In other developments around the Atlantic Division:
- The Sixers’ chances of getting the Lakers’ first-round pick have dropped from 91% to 66.6% because of Los Angeles’ losing streak, according to Neil Johnson of ESPN Analytics. The Lakers originally dealt the pick to the Suns in 2012 while acquiring guard Steve Nash. Philadelphia acquired the pick in 2015 in a three-way deal with the Suns and Bucks. The pick is top three protected in the next draft and unprotected in 2018. The Lakers’ expected draft position per BPI is currently 4.8, according to Johnson, meaning the Sixers would get the No. 4 or No. 5 pick from L.A. if the odds hold up.

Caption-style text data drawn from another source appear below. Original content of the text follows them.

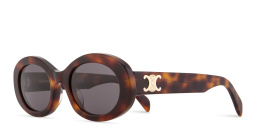 Shop CELINE Triomphe Oval Sunglasses in Havana online.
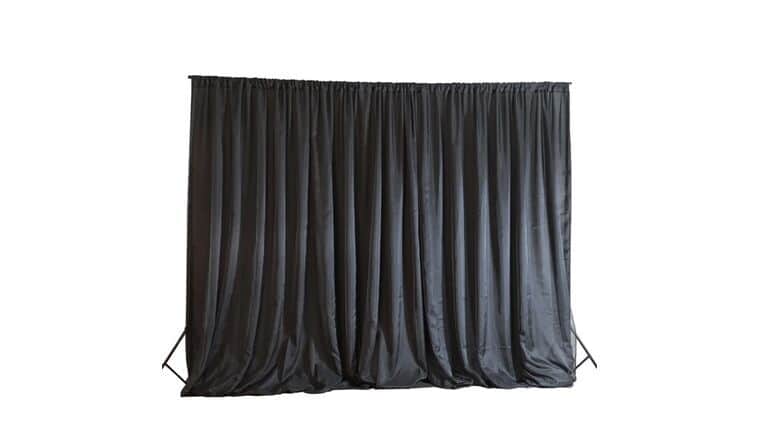 Drapery – Double Layered Black Curtain 8ft x 8ft | Rental Drapery – Double Layered Black Curtain 8ft x 8ft | Rental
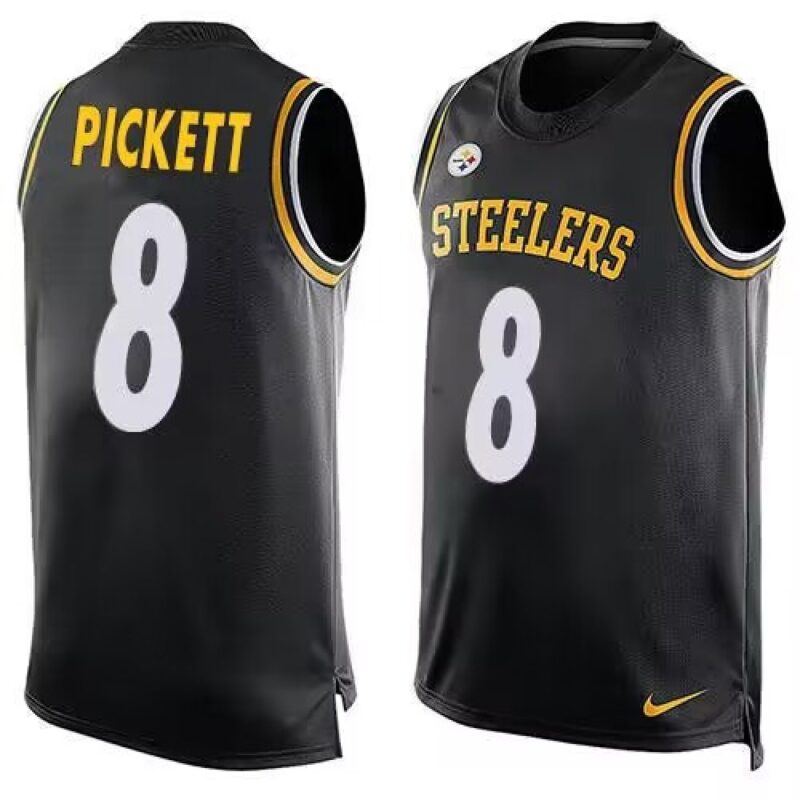 6861b8ee9193b_1 Men's Pittsburgh Steelers #8 Kenny Pickett Black Tank top Stitched Jersey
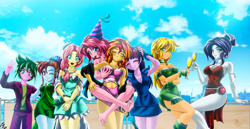 Size: 4154x2137 | Tagged: safe, alternate version, artist:mauroz, applejack, fluttershy, pinkie pie, rainbow dash, rarity, spike, sunset shimmer, twilight sparkle, human, g4, armpits, blushing, breast grab, breasts, clothes, digital art, female, grope, happy new year, holiday, humanized, lesbian, mane six, ship:sunsetpie, shipping, smiling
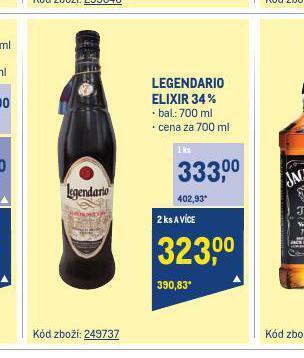 Makro Legendario elixir 34% nabídka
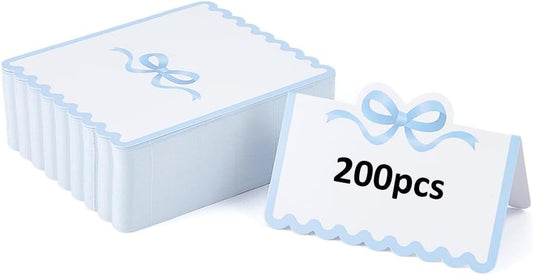SUPERFINDINGS 200Pcs Blank Place Cards Blue Bow Place Cards 4.02x3.54 Inch/10.2x9cm Wedding Seating Card Buffet Food Labels Tent Fold Table Name Card for Wedding Party Table Setting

- Joakim Noah has been a major bust and the Knicks center may soon lose his starting job, Marc Berman of the New York Post writes. Coach Jeff Hornacek said to Berman and other media members that Noah’s starting status is “something we have to keep our eye on.’’ Noah, who was signed to a four-year, $72MM contract as a free agent, has been a major liability on offense, which more than offsets the occasional energy boost he provides with his rebounding and defense, Berman adds.
- Teams have a better chance of retaining their top free agents under the new CBA and that could hurt the Celtics’ chances of becoming a top contender, Steve Bulpett of the Boston Herald opines. The Celtics were able to land Al Horford and make a serious run for Kevin Durant but that probably wouldn’t have happened if the new CBA had been in place this past summer, Bulpett continues. It will be tougher to attract top free agents in the future, which will force the Celtics to rely on trades and the draft to improve, Bulpett adds.